ROC curve analysis. ROC curve analysis of (A) SPAST vs control samples (B) SPG7 vs control samples (C) SPAST vs SPG7 samples. The AUC for all markers for SPG7 vs control samples is 1.00 and hence all lines overlap and cannot be distinguished. AUC is mentioned for all markers. AaT Acetylated α-tubulin, Mito Mitochondria, Nucleus, Cell phase contrast and Combined: All markers combined.

Figure 7

Logistic regression analysis of noscapine-treated SPAST patient cells. We compared noscapine treated SPAST patient cells (33,764 cells from 10 individuals) to untreated control and SPAST patient cells presented above in the SPAST vs controls section (Fig. 3) for comparison. Noscapine-treated SPAST patient cells had logistic regression probability values comparable to controls for all markers: acetylated α-tubulin (A), mitochondria (B), nucleus (C), phase contrast (D) and all markers combined (E). Mean values were compared using one way ANOVA.

Figure 8

Logistic regression analysis of noscapine-treated SPG7 patient cells.
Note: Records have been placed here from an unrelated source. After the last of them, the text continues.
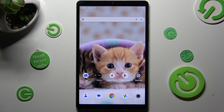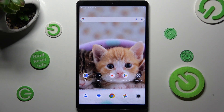Hi, in front of me is Realme Padmini, and today I would like to show you how you can manage auto-correction on this tablet.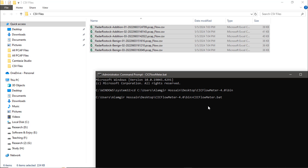If you face that problem, watch that linked video and you can easily solve it, then convert all your .pcap files to .csv files. I hope the problem you were facing has been solved. Thank you very much.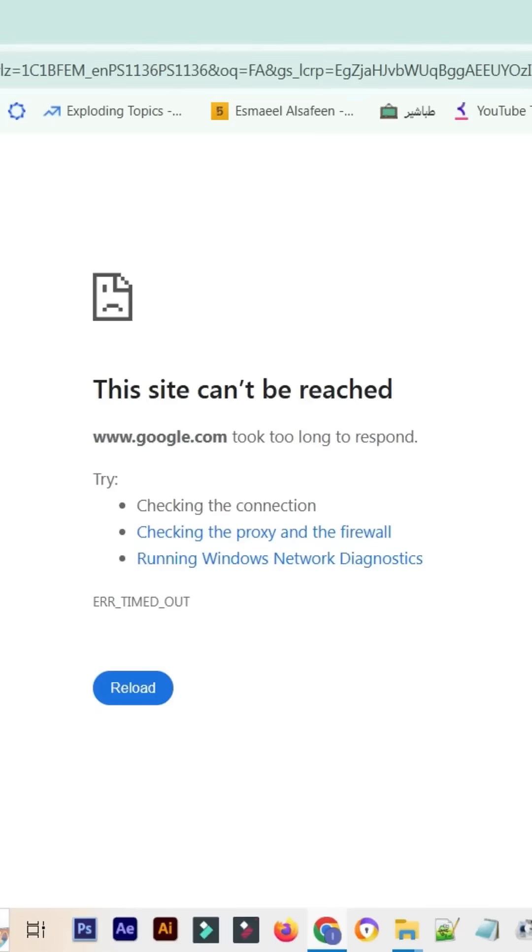Stick around until the end to learn the solutions that will help you browse the internet smoothly without any issues.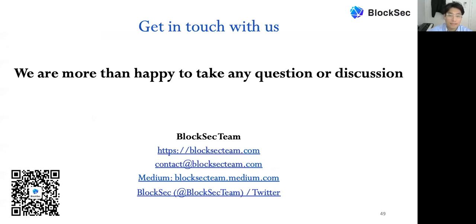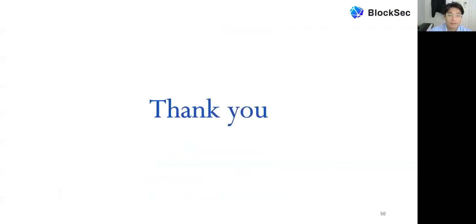That's all my presentation today. If you want to get in touch with us, contact details are listed below and we are happy to take any questions or discussions. Thank you for your attendance.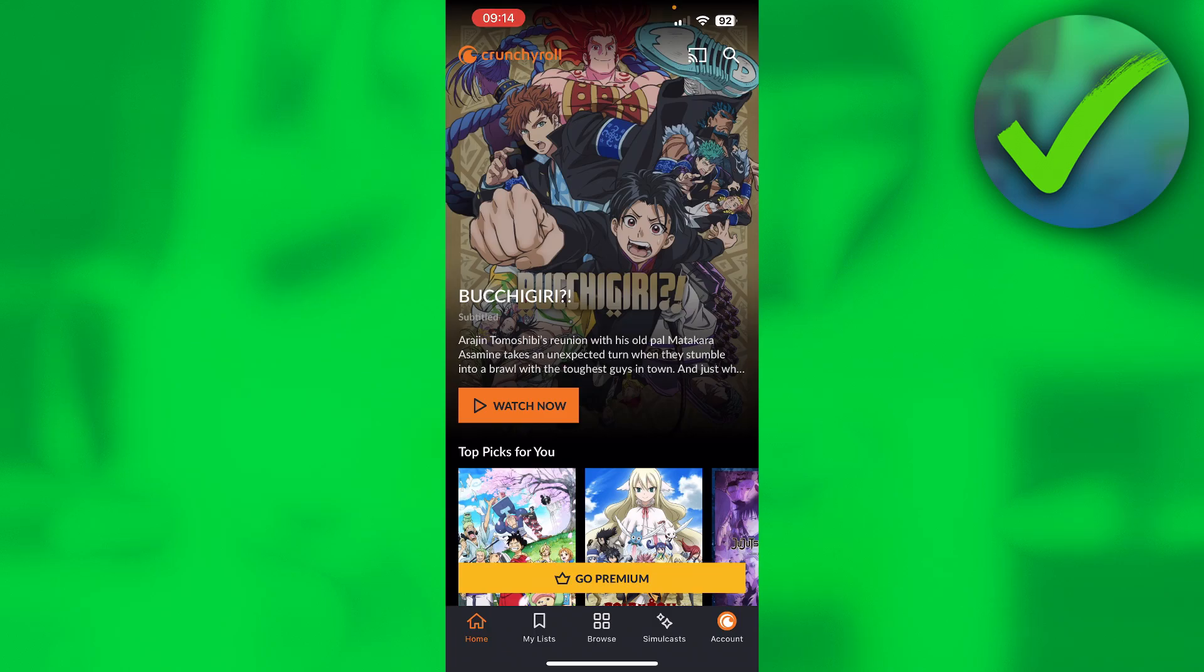How to delete Crunchyroll account. This is actually very easy to do and can be done on both your PC, laptop, as well as a mobile phone.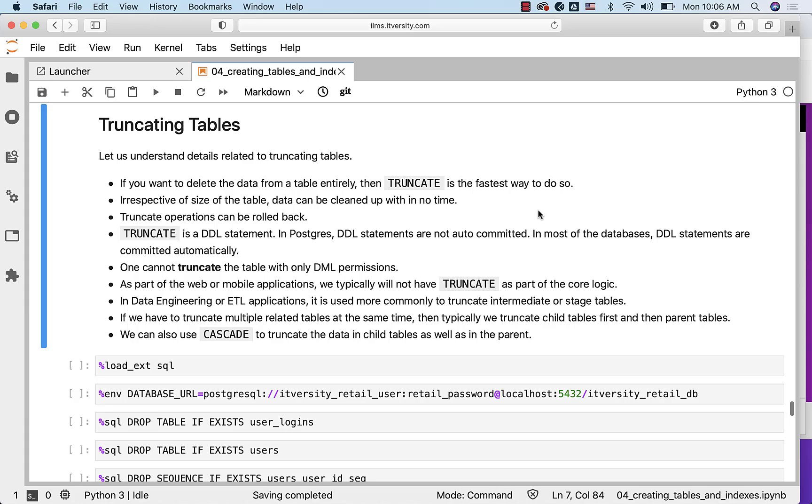One cannot truncate the table with only DML permissions. You need to have DDL permissions on the database so that you can actually truncate the data from the tables. As part of web or mobile applications, we typically will not have TRUNCATE as part of the core logic. In data engineering or ETL applications, it is used more commonly to truncate intermediate or stage tables.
We compared noscapine treated SPG7 patient cells (16,379 cells from 5 individuals) to untreated control and SPG7 patient cells presented above in the SPG7 vs controls section (Fig. 4) for comparison. Noscapine-treated patient cells had logistic regression probability values comparable to controls for acetylated α-tubulin (A). The markers mitochondria (B), nucleus (C), phase contrast (D) and all markers combined (E) were comparable to untreated SPG7 samples. Mean values were compared using one way ANOVA.